A squealing noise when braking is an obvious cause for concern but you also need to physically examine the brakes for rust, grooves or heavy wear and tear.
In addition, brake-fluid levels need checking. These are all things you can do at home but if you have any doubts then take the car to a reliable mechanic.
The other winter essential is a decent set of tyres. Your tyres have a lot to cope with in winter, with snow, rain, mud and ice on a daily basis. While by law your tyres must maintain a tread level of 1.6mm over the majority surface area, this is just a legal minimum.
This is one area where economy doesn’t pay. When winter comes you should aim for a tread depth of at least 2mm, although the AA recommends 3mm. If your tyres don’t meet these criteria, consider replacing them for your safety and that of those around you.
Defective lights are not only illegal they’re also dangerous. If your main headlights, brake lights, sidelights, indicators, reverse lights and fog lights aren’t working, then other people can’t see you.
Don’t forget your number-plate lights too. Furthermore, while it should be obvious, lights covered in snow or ice aren’t fully visible, so clear your light covers at the same time that you de-ice your windows.
Battery and Electrics
The extra use of your lights, windscreen wipers and heaters, as well as the cold weather, all force your battery to work harder than it’s used to. Don’t wait until you’re outside your house on a cold morning, unable to get to work because your battery is flat. Battery testers are not expensive and if you find your battery is not charging properly, replace it now – before you break down.
If your car does struggle to start, try not to drain the battery by using heaters or the radio on short journeys. When starting up, try the ignition for five seconds only, with 30-second intervals between attempts, rather than trying to force a start by holding the key in the last position.
Oil levels should be checked and topped up on a regular basis, as should wiper fluid, but in winter you also need to think about anti-freeze. Make sure you buy the right anti-freeze for your model of car and use a one-part anti-freeze to one-part water ratio. Without this, your engine could freeze and develop some very expensive problems.
Hints and Tips
Never pour hot or even warm water on to your windscreen to de-ice it as you could cause cracks.
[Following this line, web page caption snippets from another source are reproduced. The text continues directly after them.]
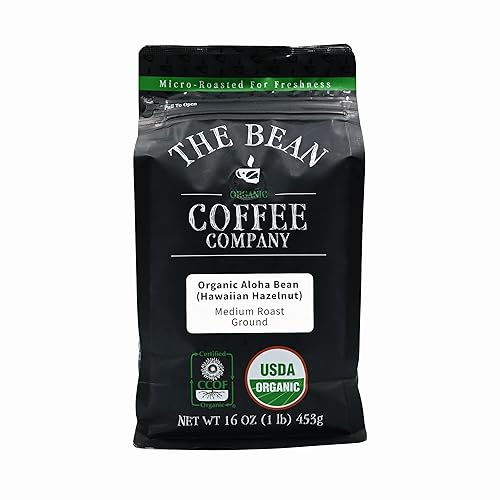 The Bean Coffee Company, Aloha Bean (avellana hawaiana), tostado medio, molido, 16 onzas, 1 bolsa, certificado orgánico, tostado en los Estados
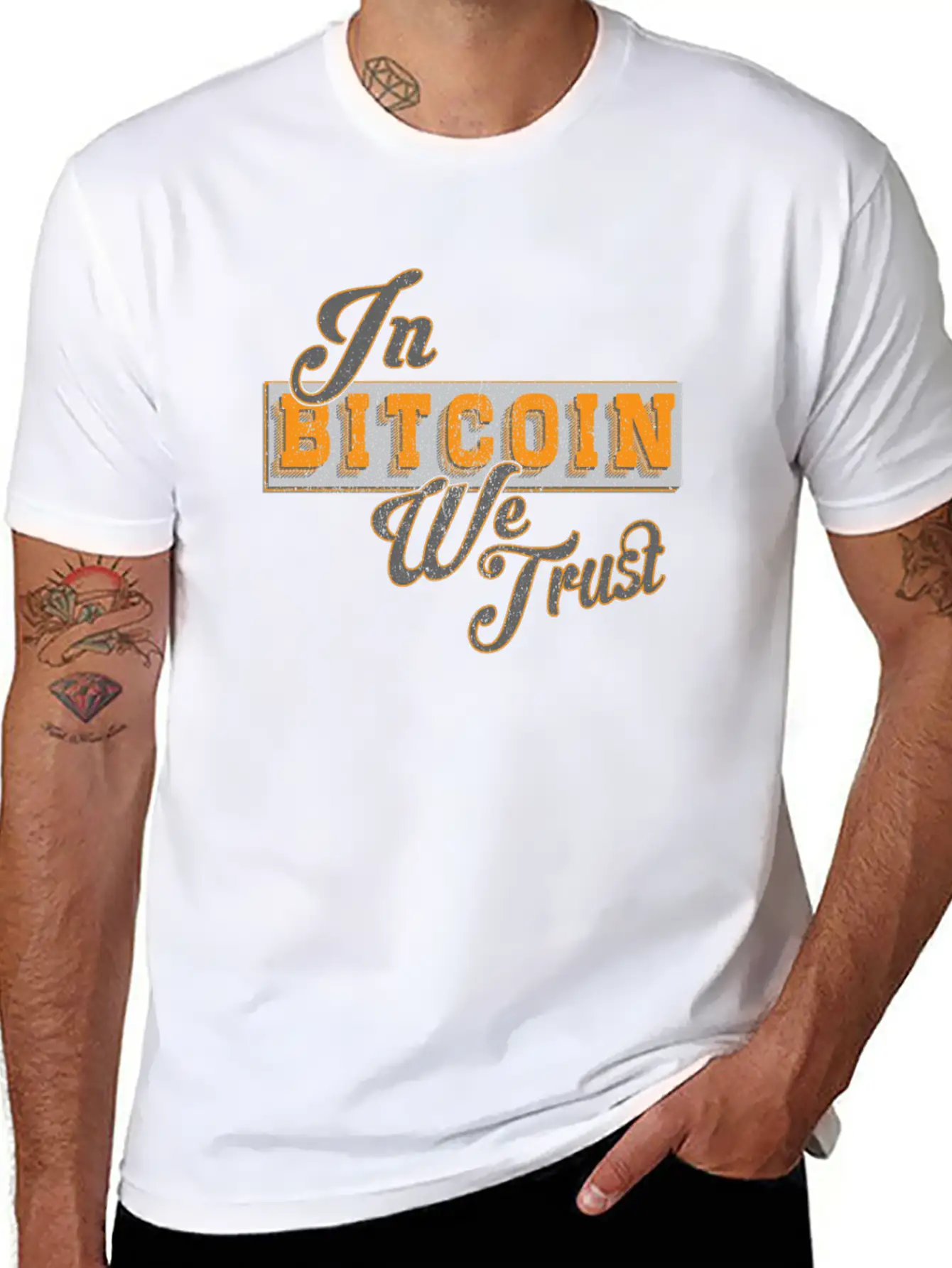 In Bitcoin We Trust Funny BTC Meme Crypto Saying Basic Graphic T-Shirt ¨C Daily Comfort In Soft Cotton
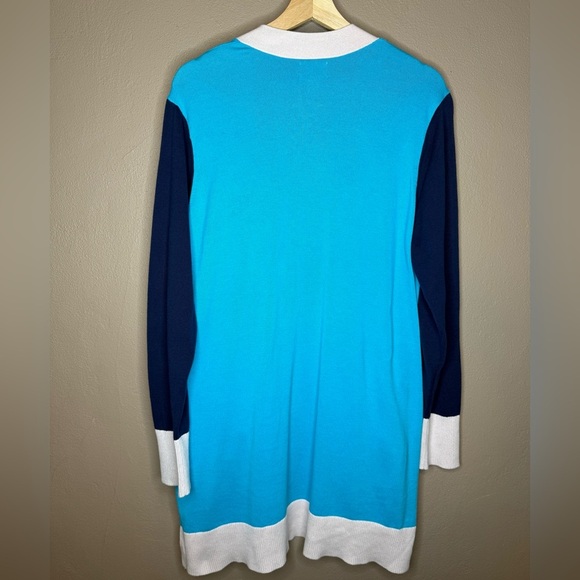 Lands' End Women's Turquoise and Navy Colorblock Duster Cardigan Bold Size XL - Picture 10 of 16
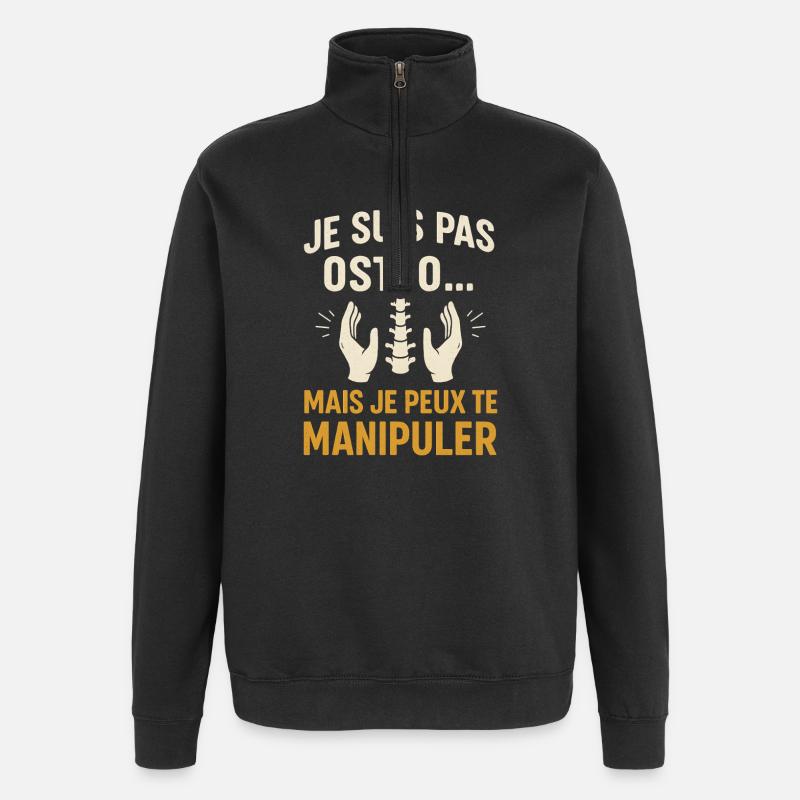 Pas Ostéo Manipulateur Humour Coquin - Sweat à zip 1/4 - noir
Use de-icer and a scraper designed for the job.
Your windscreen wipers also need to be in good condition to cope with the severe weather. If they don’t appear to be clearing the screen properly or you can see that they are damaged, a new pair of wiper blades is inexpensive and easy to replace yourself.
You can prepare your car to the nth degree, but if you don’t modify your driving style to suit the conditions you are likely to encounter trouble and you won’t want to be claiming on your car insurance this winter. Common-sense advice includes sticking to a sensible speed, leaving plenty of distance from the car in front and braking early. Furthermore, make sure you are wearing sensible shoes with some grip, as wet feet slip from the pedals easily.
When conditions are slippery, pull away in a higher gear, second or even third using clutch control and slow down using engine braking rather than constantly hitting the brake pedal.